#### EXERCISE DESCRIPTION:
After locating the line with "Fartsgrense 15 kmt skilt" in the data that follows, return it and every later line exactly, up to and including the line with "Girls' - Barbie".

#### LISTED RECORDS:
::::
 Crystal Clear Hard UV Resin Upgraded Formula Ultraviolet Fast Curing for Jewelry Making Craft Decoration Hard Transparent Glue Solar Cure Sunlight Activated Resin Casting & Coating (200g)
::::
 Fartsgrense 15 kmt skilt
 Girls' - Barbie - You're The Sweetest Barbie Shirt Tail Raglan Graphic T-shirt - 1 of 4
::::
#### ANSWER TO THIS PROBLEM:
 Fartsgrense 15 kmt skilt
 Girls' - Barbie - You're The Sweetest Barbie Shirt Tail Raglan Graphic T-shirt - 1 of 4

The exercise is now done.